A Revocable Living Trust is one that is created during the lifetime of the trust creator is a used to receive all assets of the trust creator, whether by will or by beneficiary designation. This type of trust is generally use in more complex estate plans which require all asset types be governed by a common set of succession and distribution rules.

What is a Trust?

A Trust is a contract between three parties: 1) the Trustor or Grantor (the person creating the trust); 2) the Trustee (the person holding title to the property of the Trustor); and 3) the Beneficiary(ies). Unlike an LLC or Corporation, a Trust is not a separate legal entity. It is essentially a set of rules the set out how the Trustee is to hold the assets for the benefit of the Beneficiary(ies). The Trustor sets the rules. Trusts can have many different benefits, but are a complex planning technique that is not appropriate for everyone.

Can I Handwrite a Will?

Yes, you can. In North Carolina, handwritten wills (“holographic will” is the legal term for it) are valid and enforceable as long as three (3) people can verify the signature and handwriting of the Testator (the person writing and signing the will) after the death occurs. The main problem with handwritten wills is that there is almost always something left out because most people simply don’t know what needs to be included in a will to make sure everything is accounted for. Those gaps in the will are filled by the State’s law of intestacy (default rules for estates in the absence of a will or a provision within a will). For example, if your handwritten will sets out what you want to have happen with your house and bank account, but doesn’t speak to any other property, the state’s rules will apply for all of the unaccounted for property, which is likely not what you intended to happen in creating a will.

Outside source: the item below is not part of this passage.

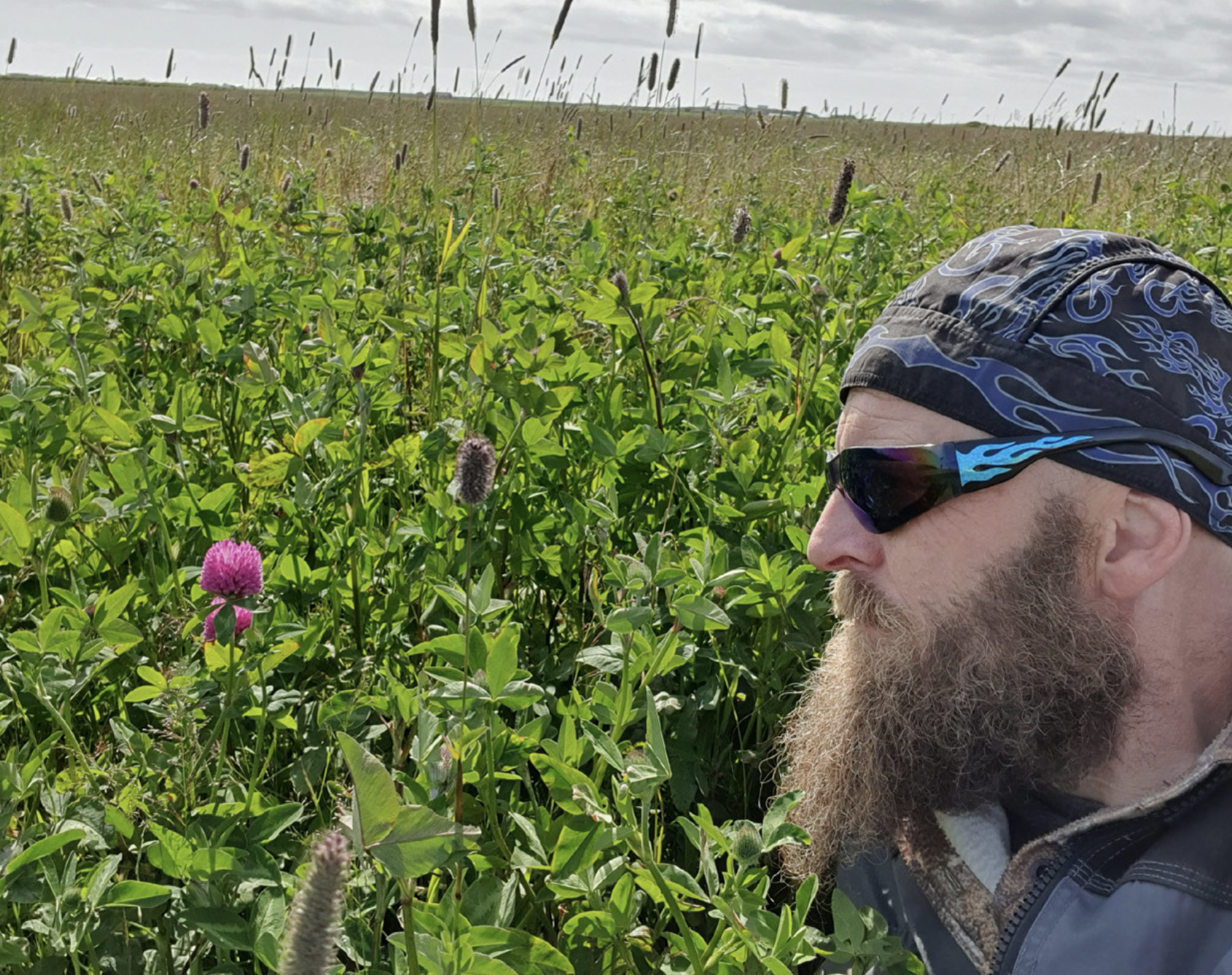 Leitar að gómsætum og sjúkdómaþolnum kartöfluyrkjum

What about a [LegalZoom, RocketLawyer, Willing, Will Maker] Will? Are Those Legal?

Generally speaking, yes, they are legal documents – if they are executed correctly following the required legal formalities in North Carolina. However, while these services may create a legal document, they cannot provide any sort of assistance with the actual planning involved in creating a will – they leave it up to you to know what you want to happen after you pass. This can be very dangerous and can end up creating very unintended consequences, especially if your family or financial situation changes after you create the will. These online providers create a document – what you need is an ongoing relationship to make sure your plan will always work for you and your family. That can only be accomplished by working with an Estate Planning Lawyer.

Does a Will Avoid Probate?

No, not usually. A will is often called a “ticket to probate”, meaning that it only governs assets that would normally need to pass through the court process of probate in order to be passed on to the intended beneficiary. The answer to this question largely depends on the assets and beneficiary designations of the testator (the creator of the will) at the time of their death. Wills are not generally probate avoidance tools, though.

Can I Create My Own Will?

Technically yes, anyone can draft a will. However, drafting your own will is a risky endeavor because you simply don’t know what you don’t know. Creating your own will makes it much more likely that there will be something left out or unaccounted for, or that a legal formality is not followed. It is always best to consult an Estate Planning Lawyer when considering implementing a Will in your estate plan.

What is a Will?

A Will is a legal document, normally prepared by an Estate Planning Lawyer, setting out your wishes for the distribution of your assets after you pass, the appointment of a Guardian for any minor children or pets you may have on the date of your death, the payment of your debts, and the appointment of an Executor to settle your estate. Normally a Will is type-written, signed by you, witnessed by two uninterested adults (people who will not be beneficiaries of your estate), and notarized. This creates what is call a “Self-Proving Will” – meaning the Will itself proves it is legally valid and enforceable.